All 4 recursion combinators implemented with loops and possible lambda inlining are the part of dojox.lang.functional package:
dojo.require("dojox.lang.functional.linrec");
dojo.require("dojox.lang.functional.tailrec");
dojo.require("dojox.lang.functional.binrec");
dojo.require("dojox.lang.functional.multirec");
And now it is time for obligatory numbers. I wrote a simple program, which measures performance of different versions of factorial functions, and Fibonacci functions. Here are the results for the factorial:
And here are the results for the Fibonacci:
The legend:
- raw rec is the manually-written recursive version of an algorithm,
- raw tail is the tail-recursive version of an algorithm,
- raw loop is the loop-based version of an algorithm,
- XXXrec rec is the naïve recursive version of linrec, tailrec, binrec, or multirec given above,
- XXXrec loop is the loop-based version of respective recursion combinators,
- XXXrec is the version from dojox.lang.factorial, which implements an optional inlining,
- Midori is the Webkit-based web browser for Linux,
- multirec() doesn’t match the factorial nor Fibonacci algorithms, I used it just to see how (badly) it stacks up against normal methods,
- all numbers were taken on the same machine under Linux, and Windows (the latter was running under VMware),
- all numbers were taken on the 3rd run,
- all numbers are in milliseconds.
You are invited to check out the code of the test program. I didn’t massage the numbers and you can spot certain artifacts, when the results look a little strange. Numbers change from run to run, and if we were unlucky and caught some massive garbage collection, the numbers would be a little bit inflated. Unfortunately most browsers don’t allow JavaScript to run more than several seconds in a row, and show an alert about “unresponsive script” making the result invalid.
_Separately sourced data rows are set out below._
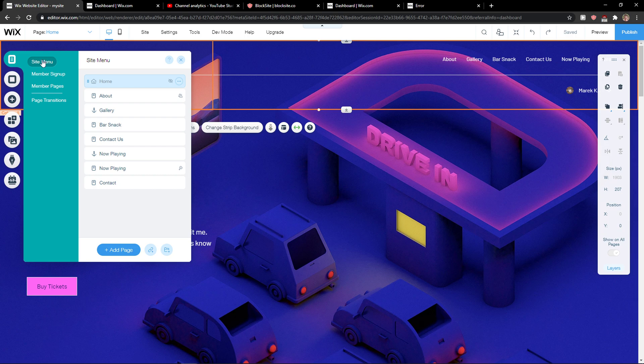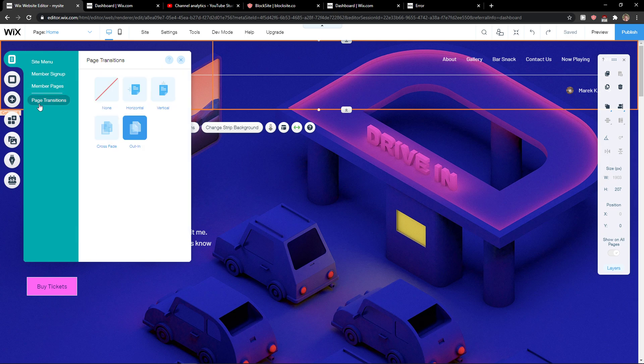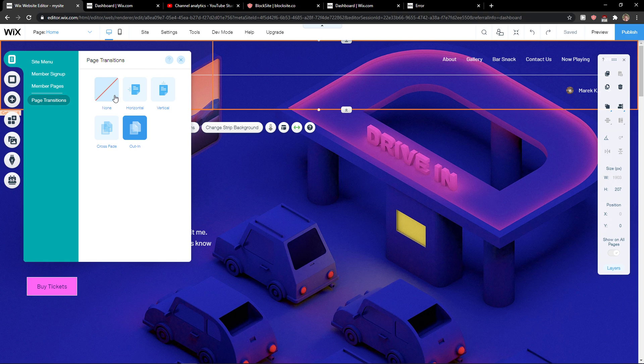When you're here, you're going to see side menu, Member Signup, Member Pages, and then the last thing is the page transitions.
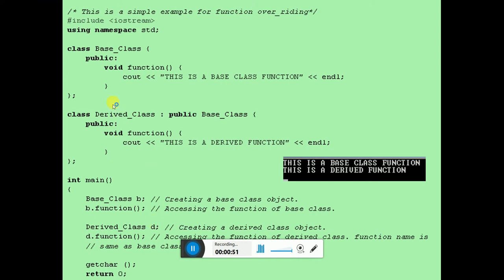Now see the code. I have a class named 'base class' with a function inside it called 'function' — it says 'this is a base class function.' I have a class named 'derived class' with a function also called 'function,' derived from the base class, but with the content 'this is a derived class function.' In main, I create a base class object B and call the function through it. Then I create a derived class object D and call the function through D.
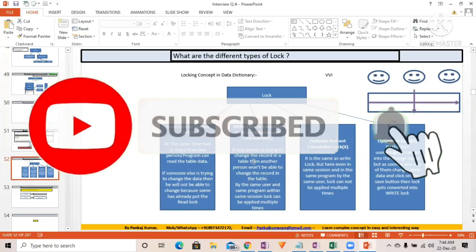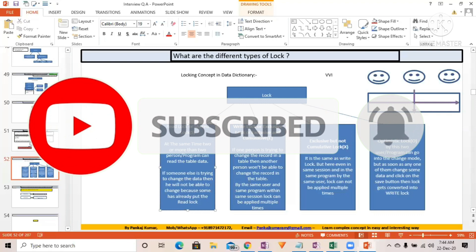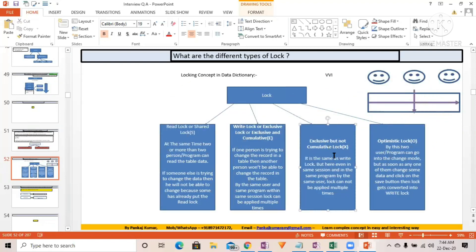We are having four important locks: read lock, write lock, exclusive, and exclusive but not cumulative. The write lock is also known as exclusive lock or exclusive and cumulative lock. In the S/4HANA system you can see at least 10 or 12 locks, but we will focus on the four most important ones. In an interview, you should be able to name at least these four locks to make a good impression.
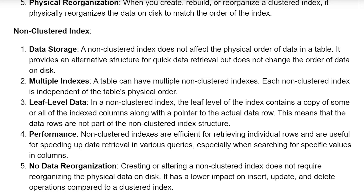Leaf level data. In a non-clustered index, the leaf level of the index contains a copy of some or all of the indexed columns, along with a pointer to the actual data row. This means that the data rows are not a part of the non-clustered index structure.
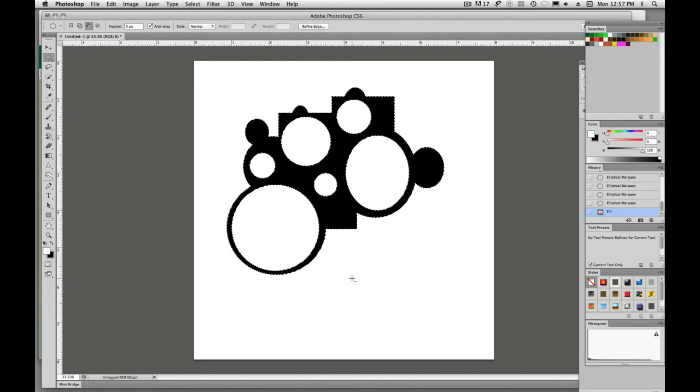All right, so I hope that helps. The shapes that I've asked you to do are fairly simple, so just try to use your rectangular marquee and your elliptical marquee and you should do just fine.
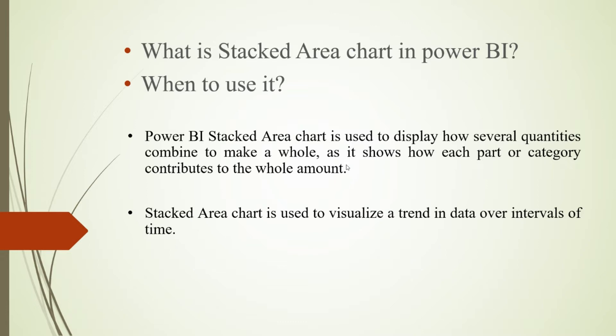When to use it? When we have to visualize the trend in the data over intervals of time, we can use the stacked area chart. So let's see how to create it in Power BI Desktop.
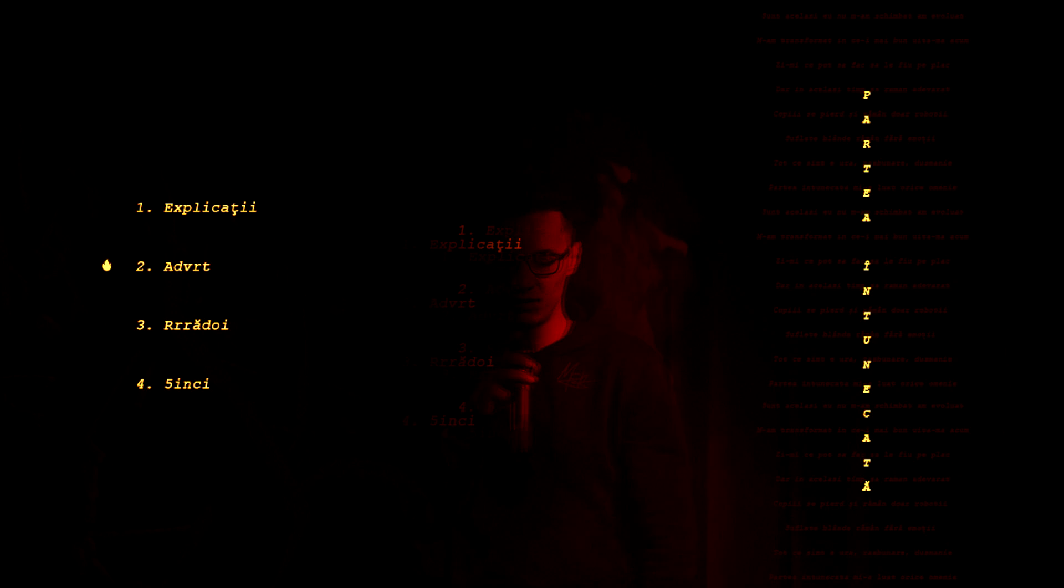Oare chiar ascultă sau trece mai departe? Atâtea întrebări, zi-mi băi frate. Zi-mi ce pot să fac, să le fiu pe plac, dar în același timp să rămân adevărat. Zi-mi ce pot să fac, să le fiu pe plac, dar în același timp să rămân adevărat.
But the numbers are real, just disregard small differences due to inaccuracy if timers, and look for major trends.
The results are in.
As you can see while special versions of these simple functions written with the knowledge of their respective domains are extremely fast, our optimized generic versions can match and in some cases exceed the naïve versions without investing a lot of time in writing them. Obviously, if we are to test more calculation-heavy recursive functions (both factorial and Fibonacci use very light-weight snippets), the difference between the generic version and the original version will be much smaller, if any.
The conclusion: it pays off to abstract algorithms, because you can improve them independently of the applications they are used in.